Singapore Analyzes Crypto Use Cases in Asset Tokenization and DeFi
Дата: 20.02.2024
The Monetary Authority of Singapore (MAS) has unveiled a new pilot initiative, Project Guardian. This initiative is a collaboration between DBS, JPMorgan, and Marketnode. The goal is to explore the potential for economic growth and the practical applications of digital assets, particularly in asset tokenisation and decentralised finance (DeFi). The Deputy Prime Minister of Singapore, Heng Swee Keat, officially launched Project Guardian at the Asia Tech Singapore Summit.

Key Components of Project Guardian

Tokenisation refers to the process of representing assets digitally using a smart contract on the blockchain. This process enables the exchange of high-value real-world assets through peer-to-peer digital platforms. The application of tokenisation via smart contracts forms the foundation of Decentralised Finance (DeFi) as a service. The execution of these transactions on the blockchain is autonomous, requiring no intermediaries. The goal is to enhance the efficiency, affordability, and accessibility of financial markets, thereby boosting liquidity and promoting economic inclusion.

Project Guardian aims to investigate the potential of tokenising assets and utilizing DeFi applications, while also addressing the associated risks to financial stability and integrity. The project focuses on four key areas: open and interoperable networks, trust anchors, asset tokenisation, and institutional-grade DeFi protocols.

The MAS will explore the use of public blockchains to establish open, interoperable networks, facilitating the trading of digital assets across different platforms and liquidity pools. This interoperability will also integrate with existing financial infrastructure. By promoting open networks, Project Guardian aims to reduce the creation of walled gardens that limit access to digital exchanges and private markets. Trust anchors, operating within regulated financial institutions, will provide a reliable environment for executing DeFi protocols by validating and distributing credentials to participants.

Asset tokenisation allows securities to be represented as digital assets and tokenised deposits to be used on public blockchains by institutions. Project Guardian will work on enhancing current token standards, incorporating trust anchor credentials, and ensuring the interoperability of asset-backed tokens with digital assets in DeFi protocols. The project will also explore how regulatory frameworks can be applied to institutional-grade DeFi protocols to mitigate operational risks and market impact. Furthermore, the project will investigate the audit capabilities of smart contracts to identify potential code vulnerabilities.

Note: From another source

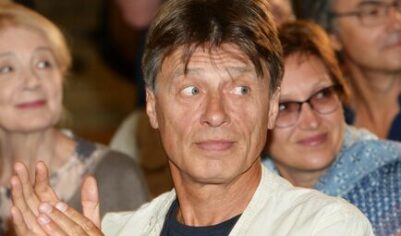 Выносили на носилках: что случилось на церемонии прощания с Анатолием Лобоцким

One of the first initiatives of Project Guardian is to investigate the application of DeFi in wholesale funding markets. MAS plans to explore how a permissioned liquidity pool of tokenised deposits and bonds can help secure borrowing and lending within a public blockchain-based network, using smart contracts for execution.

MAS is also open to other industry initiatives that align with the four primary areas of interest in Project Guardian. The authority has invited proposals from the industry to be submitted to the Regulatory Sandbox for live experimentation. According to MAS’s Chief FinTech Officer, Mr. Sopnendu Mohanty, MAS is eager to support innovations in the digital asset ecosystem. The authority will assess the potential opportunities and risks posed by new technologies, examining their impact on consumers, investors, and the broader financial system. The insights from Project Guardian will be used to inform regulatory policies, creating a framework that will maximize the benefits of DeFi while minimizing its risks.

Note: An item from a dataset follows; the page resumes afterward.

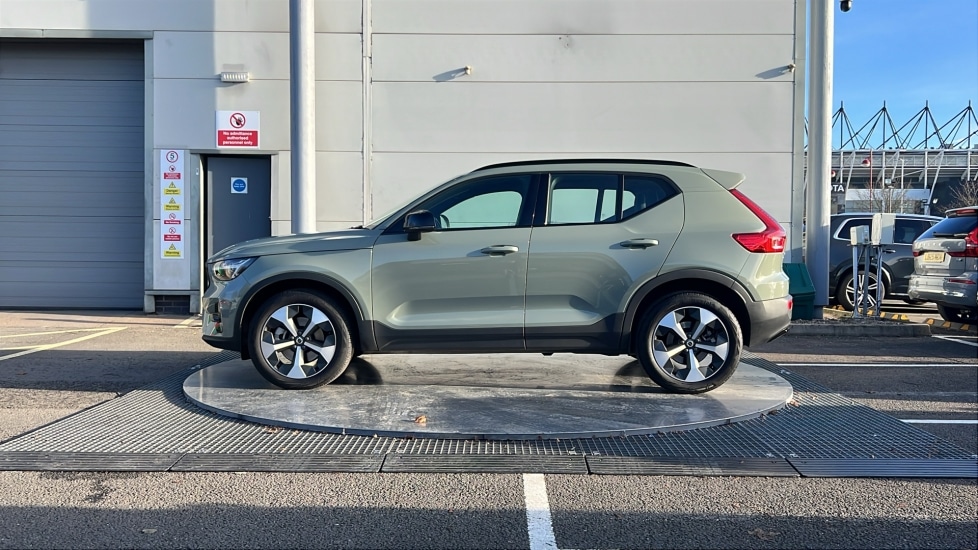 Used Volvo XC40 2025 for sale - 76872802: Photo 8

MAS Collaborations in Project Guardian

Project Guardian is spearheaded by Marketnode, JPMorgan, and DBS. Both DBS and JPMorgan have extensive experience in integrating digital assets and blockchain technology into wholesale banking. DBS, for instance, issued USD 11.3 million in digital bonds via a security token offering (STO). JPMorgan, on the other hand, operates the Onyx Digital Assets Network, where token trading in the fixed-income market has reached over USD 300 billion since its launch in 2020. According to Han Kwee Juan, Group Head of Strategy and Planning at DBS, these initial efforts in DeFi are essential to ensuring Singapore’s competitiveness and maintaining its status as a global financial hub.

Uman Farooq, CEO of Onyx by J.P. Morgan, emphasizes that JPMorgan’s collaboration with MAS will lead to pioneering products and tokenised deposits on a public blockchain, marking a significant milestone for Singapore. Martin Pickrodt, CEO of Marketnode, highlights that the collaboration with MAS, DBS, and JPMorgan aims to address existing market challenges by leveraging the benefits of asset tokenisation and DeFi protocols.